The pdf of a continuous random variable also contains all the information required to calculate the expected value ($E[X]$ or $\mu$) and the variance ($Var[X]$ or $\sigma^2$) of a random variable.

For a continuous random variable, the mean is defined as

\[\begin{equation*} E[X]=\mu=\int_{-\infty}^{\infty} x f(x) dx \end{equation*}\]

The variance of a random variable, which provides a measure of the spread of the possible outcomes around the mean, is also defined as an expected value, namely, the expected value of the squared deviation from the mean:

\[\begin{eqnarray*} \operatorname{var}[X] &=&E\left[(X-\mu)^{2}\right] \\ &=&\int_{-\infty}^{\infty}(x-\mu)^{2} f(x) dx \end{eqnarray*}\]

Fortunately, in the remainder of this section we will introduce particular types of continuous random variables for which the calculation of the mean and the variance of a distribution does not require the calculation of integrals. These distributions (for example the exponential or normal distribution - yet to be introduced) are described by sets of parameters and if we know these parameters then we can use these (with easy formulae) to calculate the mean and expected values of these distributions. But the above formulae describe how you could derive these by first principles.
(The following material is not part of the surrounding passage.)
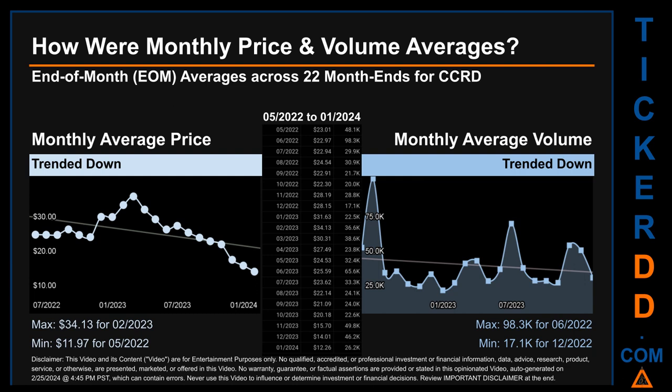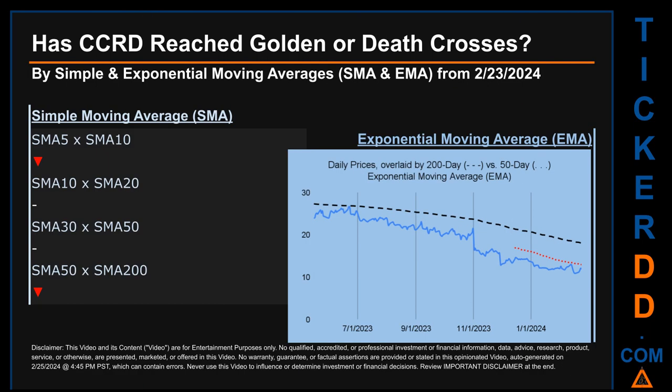Hello, my name is Claire. How were price and volume averages for CCRD across 446 trading days? Across 22 month ends, monthly averages for daily price and volume were calculated. Overall, monthly price average trended down while monthly volume average also trended down. The maximum end-of-month average price was $34.13 for February 2023, while the minimum was $11.97 for May 2022. For volume, June 2022 and December 2020 saw the highest and lowest monthly average volume at 98.3 thousand and 17.1 thousand respectively.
10.4 Example Distributions

With the theory out of the way, let’s think of examples for continuous distributions. In fact we are spoiled for choice. Check out this list of different continuous distributions from Wikipedia. We need this large range of different distributions as any random variable will have different properties and we will, in all cases, have to try and find that distribution that has properties that best represent that of the random variable we are interested in. As it turns out there are more than 100 continuous distribution, we therefore only discuss the most important ones in this section.

10.4.1 Uniform distribution

Let us start by introducing the simplest continuous probability distribution – the uniform distribution. This probability distribution provides a model for continuous random variables that are evenly (but randomly) distributed over a certain interval.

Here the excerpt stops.